#### Directions
Reproduce the lines below exactly, from the one containing "cadenagramonte's tweet photo." through the one containing "Momeni Anatolia ANA-8", both included. Leave out any pictures.

#### Data shown
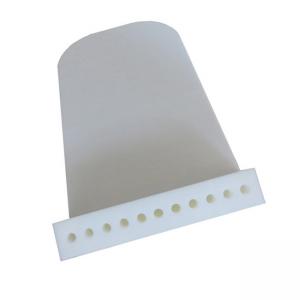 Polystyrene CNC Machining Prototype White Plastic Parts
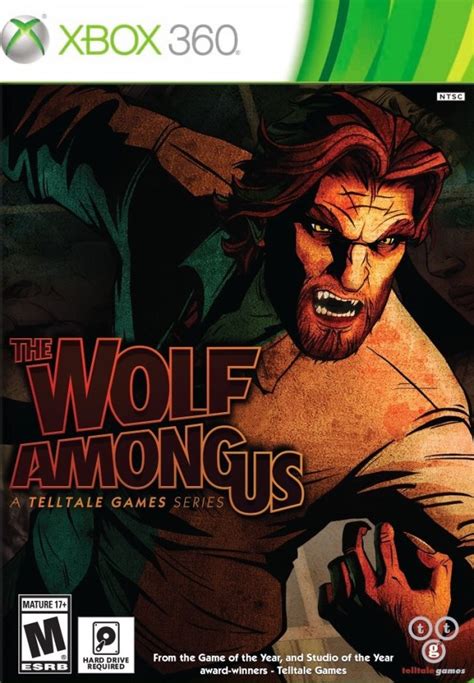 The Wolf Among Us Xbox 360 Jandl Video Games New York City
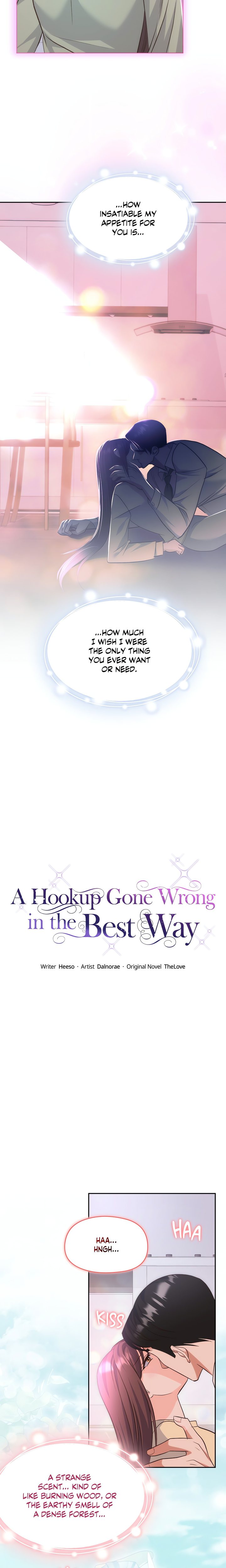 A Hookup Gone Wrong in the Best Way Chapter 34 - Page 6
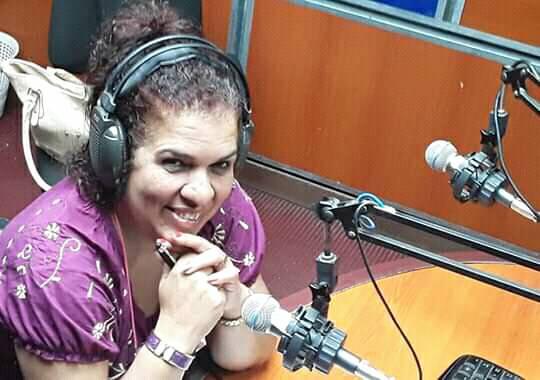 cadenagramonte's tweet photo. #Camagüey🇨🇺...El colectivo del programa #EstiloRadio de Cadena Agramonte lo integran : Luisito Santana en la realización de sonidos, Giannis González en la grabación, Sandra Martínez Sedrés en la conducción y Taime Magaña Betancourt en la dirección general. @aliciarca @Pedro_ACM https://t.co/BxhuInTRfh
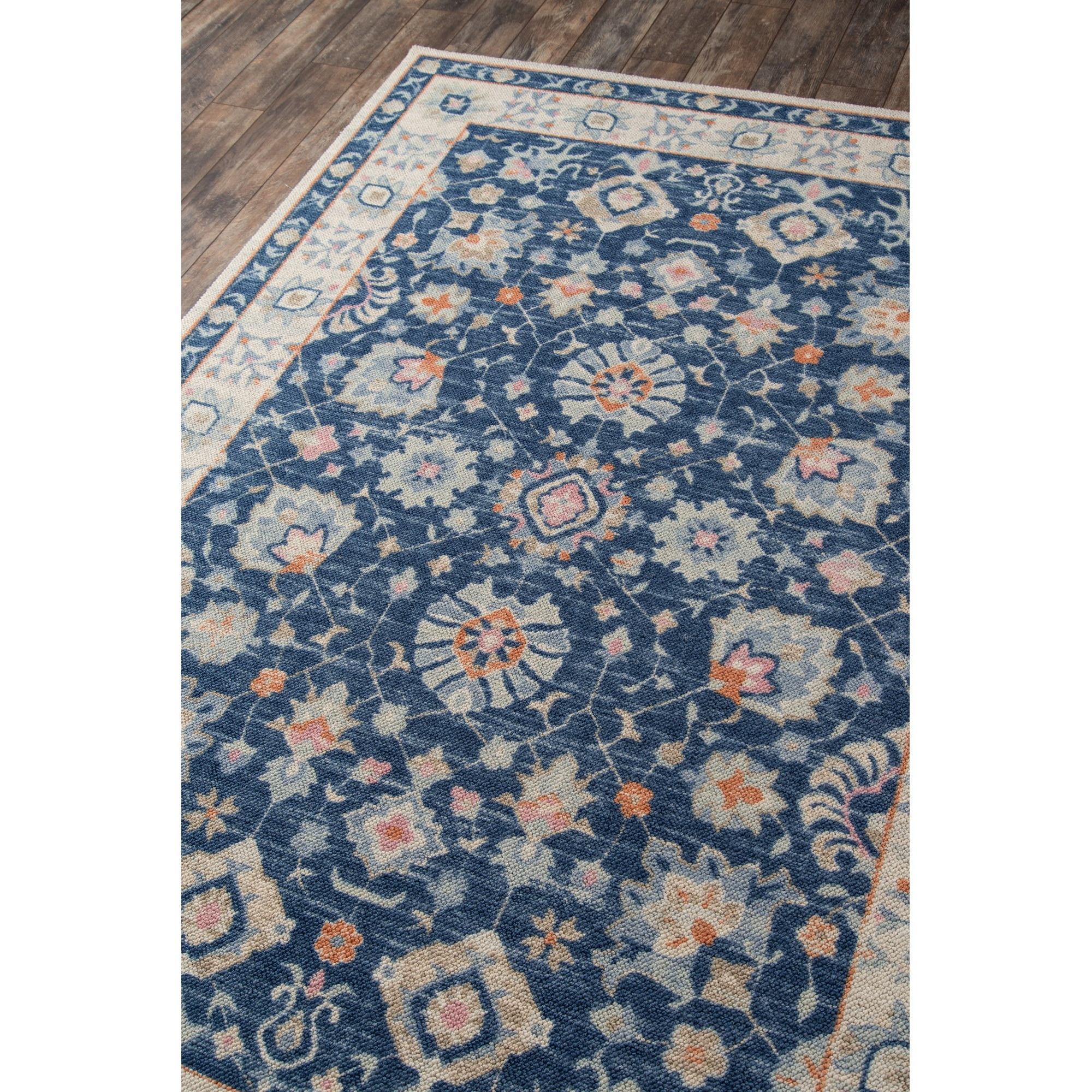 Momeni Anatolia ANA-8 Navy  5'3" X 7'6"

--

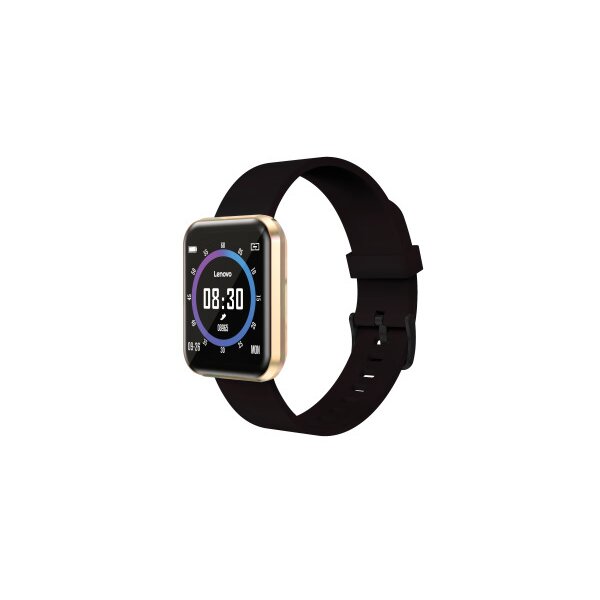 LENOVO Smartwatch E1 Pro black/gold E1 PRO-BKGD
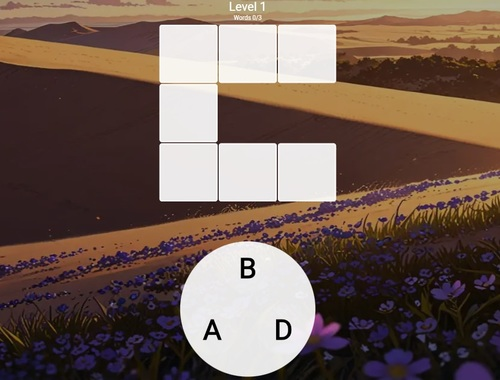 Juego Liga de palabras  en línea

#### Completed exercise
 cadenagramonte's tweet photo. #Camagüey🇨🇺...El colectivo del programa #EstiloRadio de Cadena Agramonte lo integran : Luisito Santana en la realización de sonidos, Giannis González en la grabación, Sandra Martínez Sedrés en la conducción y Taime Magaña Betancourt en la dirección general. @aliciarca @Pedro_ACM https://t.co/BxhuInTRfh
 Momeni Anatolia ANA-8 Navy  5'3" X 7'6"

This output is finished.